【北京時事】新型コロナウイルス対策で厳しい措置を取ってきた中国・北京市は6日、「ゼロコロナ」政策に基づく行動規制を大幅に緩和した。商業施設など多くの場所でPCR検査の陰性証明が不要となったほか、飲食店の店内利用も再開した。新規感染者数は依然多いものの、市民の不満に応える形で緩和を推進。中国メディアもコロナに関する論調を大きく変えている。
 北京市は6日、商業施設やオフィスビル、自宅マンションに入る際の陰性証明が不要になったと通知。11月中旬から停止されていた店内飲食も「秩序だった再開」が認められた。市は5日から地下鉄やバスでの陰性証明を不要としていたが、大半の場所では引き続き提示を求められ、検査場が減少する中「矛盾している」という声が上がっていた。

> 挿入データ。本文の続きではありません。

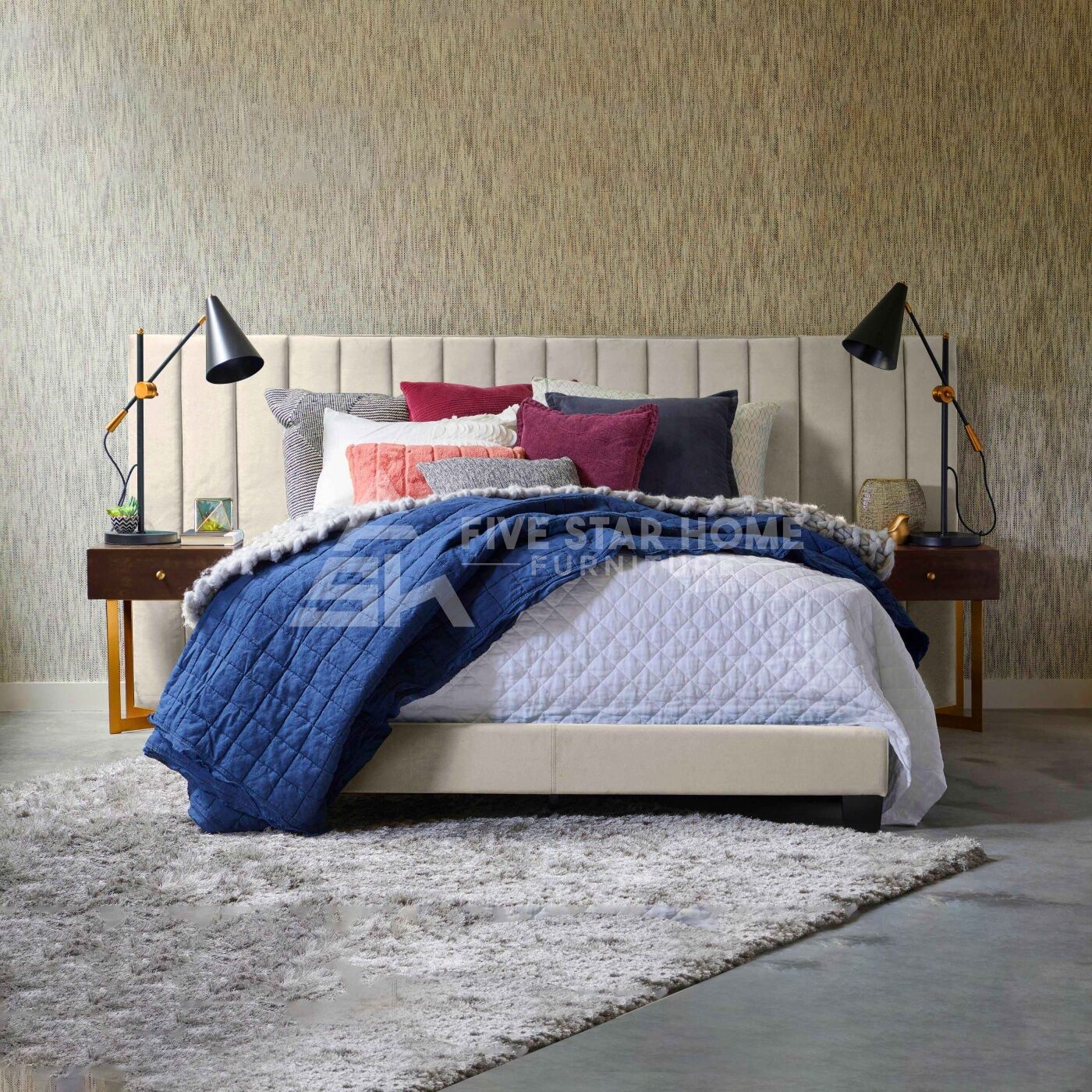 Box Channeled Wall Upholstered Bed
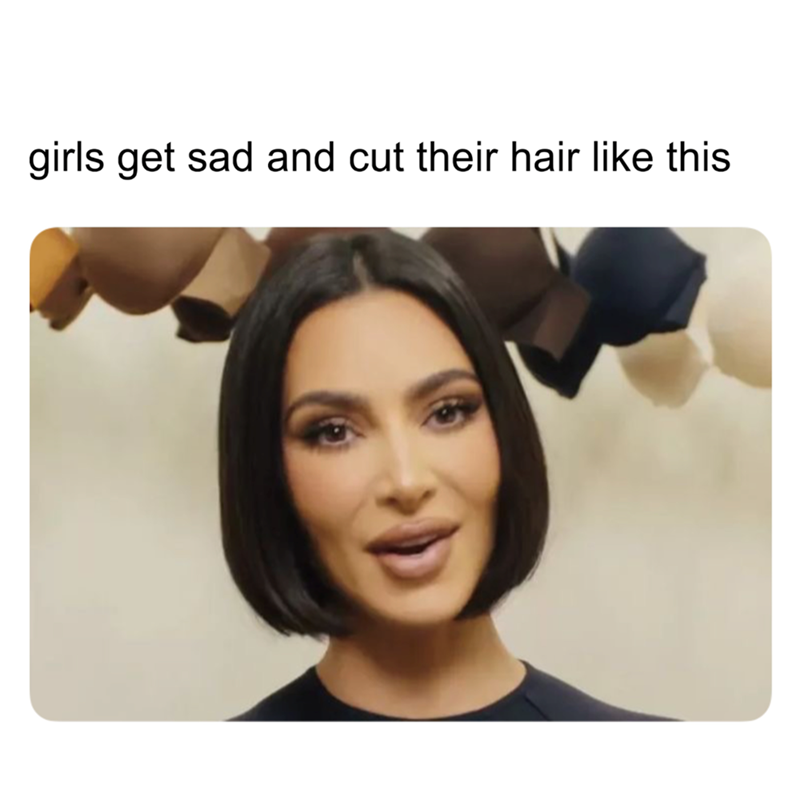 girls get sad and cut their hair like this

 北京市では4月末から日常的なPCR検査が義務付けられており、約7カ月ぶりの緩和となる。ただ、老人ホームや学校に加え、レストランやバー、カラオケ店などでは48時間以内の陰性証明が今後も必要とされた。
 前回北京で感染が拡大した4~5月は、新たに確認される感染者は1日当たり数十人だったが、12月5日に報告された新規感染者は4600人超。一方で、中国メディアは、新型コロナによる致死率や医療崩壊の危険性を強調する論調から、ウイルスとの「共存」を目指す姿勢に転換している。
 中国紙・北京日報(電子版)は、オミクロン株に関する専門家の見解を紹介。感染後の重症化リスクは「インフルエンザより低い」と指摘し、高齢者や基礎疾患のある人以外は、「(症状が軽ければ)急いで病院に行く必要はなく、自然に治るのを待つ」よう促した。一方、「ウイルスの拡散リスクがなくなったわけではない」とも指摘し、ワクチン接種の強化などを訴えた。